Al Qaeda could be rebuilt in Afghanistan in 1-2 years, US officials say

Al Qaeda could be rebuilt in the interior of Afghanistan in a year or two, top intelligence officials said on Tuesday, noting that some members of the terrorist group had already returned to the country.

Earlier this year, top Pentagon officials said Al Qaeda could be reconstituted in two years, and then told lawmakers after the fall of the Afghan government that they were reviewing that timeline.

The new timetable is not a drastic change, but reflects the reality that the Taliban have a limited ability to control Afghanistan’s borders. Although the Taliban have long fought with the Islamic State affiliate, they are established allies of Al Qaeda. While the Taliban pledged in the February 2020 peace deal with the United States not to let Afghanistan be used by terrorist groups, analysts have said those promises sound empty.

“The current assessment is probably conservative for one to two years for al-Qaeda to build some capacity to at least threaten its homeland,” Lt. Gen. Scott D. Berrier, director of the Intel Agency, said Tuesday. Defense license, at the Security Summit meeting.
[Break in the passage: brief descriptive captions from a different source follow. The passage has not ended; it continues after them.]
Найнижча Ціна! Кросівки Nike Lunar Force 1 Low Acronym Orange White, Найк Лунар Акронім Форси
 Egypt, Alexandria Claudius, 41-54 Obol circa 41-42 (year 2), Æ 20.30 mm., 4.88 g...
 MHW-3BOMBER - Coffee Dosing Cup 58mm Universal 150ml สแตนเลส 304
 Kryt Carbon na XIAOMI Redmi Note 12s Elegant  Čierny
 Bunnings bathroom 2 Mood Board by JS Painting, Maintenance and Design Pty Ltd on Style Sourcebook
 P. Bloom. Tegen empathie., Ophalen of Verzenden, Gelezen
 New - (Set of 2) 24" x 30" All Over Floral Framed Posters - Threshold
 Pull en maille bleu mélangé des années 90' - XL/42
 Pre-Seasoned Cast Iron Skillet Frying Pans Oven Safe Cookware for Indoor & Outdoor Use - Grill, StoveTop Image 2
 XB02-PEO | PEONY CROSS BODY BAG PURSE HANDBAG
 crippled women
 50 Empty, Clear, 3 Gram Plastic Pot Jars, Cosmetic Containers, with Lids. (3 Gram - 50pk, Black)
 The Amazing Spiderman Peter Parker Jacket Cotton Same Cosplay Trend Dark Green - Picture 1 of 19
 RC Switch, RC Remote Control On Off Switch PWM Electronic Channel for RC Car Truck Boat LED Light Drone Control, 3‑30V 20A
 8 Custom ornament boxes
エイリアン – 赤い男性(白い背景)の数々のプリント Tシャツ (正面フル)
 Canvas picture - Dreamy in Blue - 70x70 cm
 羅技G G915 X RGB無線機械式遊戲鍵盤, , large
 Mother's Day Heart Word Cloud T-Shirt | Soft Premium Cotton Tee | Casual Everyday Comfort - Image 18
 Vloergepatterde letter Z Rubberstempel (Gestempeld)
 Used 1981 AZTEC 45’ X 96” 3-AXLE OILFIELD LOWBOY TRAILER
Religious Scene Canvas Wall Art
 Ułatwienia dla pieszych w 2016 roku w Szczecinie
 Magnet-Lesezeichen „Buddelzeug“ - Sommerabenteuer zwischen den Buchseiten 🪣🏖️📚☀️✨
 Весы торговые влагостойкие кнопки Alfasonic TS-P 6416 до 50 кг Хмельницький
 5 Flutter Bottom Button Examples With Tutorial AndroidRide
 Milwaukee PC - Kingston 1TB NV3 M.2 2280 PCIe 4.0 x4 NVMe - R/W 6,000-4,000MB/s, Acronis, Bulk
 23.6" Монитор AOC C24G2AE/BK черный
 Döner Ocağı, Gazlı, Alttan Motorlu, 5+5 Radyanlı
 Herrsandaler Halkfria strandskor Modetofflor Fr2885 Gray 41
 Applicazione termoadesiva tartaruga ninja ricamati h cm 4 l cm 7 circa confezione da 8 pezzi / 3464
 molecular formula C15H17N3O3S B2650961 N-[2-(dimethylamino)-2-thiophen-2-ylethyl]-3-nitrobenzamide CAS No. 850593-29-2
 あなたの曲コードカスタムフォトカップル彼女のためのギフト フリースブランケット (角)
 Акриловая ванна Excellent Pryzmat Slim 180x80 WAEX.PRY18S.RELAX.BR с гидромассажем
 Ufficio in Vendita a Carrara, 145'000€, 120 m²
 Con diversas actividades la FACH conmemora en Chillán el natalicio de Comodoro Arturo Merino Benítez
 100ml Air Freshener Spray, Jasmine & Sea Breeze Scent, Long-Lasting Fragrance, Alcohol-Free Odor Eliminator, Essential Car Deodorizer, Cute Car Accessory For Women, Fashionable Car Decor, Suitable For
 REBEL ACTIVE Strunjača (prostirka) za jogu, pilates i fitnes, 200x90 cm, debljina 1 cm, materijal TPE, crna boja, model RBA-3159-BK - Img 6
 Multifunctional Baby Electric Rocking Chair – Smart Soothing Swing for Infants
David S. Cohen, deputy director of the CIA, said the hard part of the question about the timetable was knowing when al-Qaeda or the Islamic State affiliate in Afghanistan “will have the ability to go on the attack. the homeland ”before being detected. .

The CIA is closely monitoring “some possible al-Qaeda movements toward Afghanistan,” Cohen said.

Cohen did not identify specific Qaeda members who have traveled back to Afghanistan since the fall of the U.S.-backed government. But Osama bin Laden’s former security chief, Amin al Haq, who served with Bin Laden during the Battle of Tora Bora, was seen in a video returning to Afghanistan’s Nangarhar province last month.

Speaking at the same conference on Monday, Avril D. Haines, the director of national intelligence, said Afghanistan was not the biggest terrorist threat facing the United States. He said Yemen, Somalia, Syria and Iraq posed more substantial threats.

The CIA will have to increase its reliance on collecting intelligence from afar, on so-called horizon operations, Cohen said. He added that the agency hoped to do its job, including rebuilding news networks, closer to Afghanistan. “We will also look for ways to work from the horizon, as far as possible,” he said.

Information gathering in Afghanistan has intensified, General Berrier said, while agencies improve their ability to monitor China and Russia.

“We are thinking of ways to re-access Afghanistan with all sorts of sources,” the general said. But he added: “We need to be careful to balance these scarce resources with this pivot towards China and Russia.”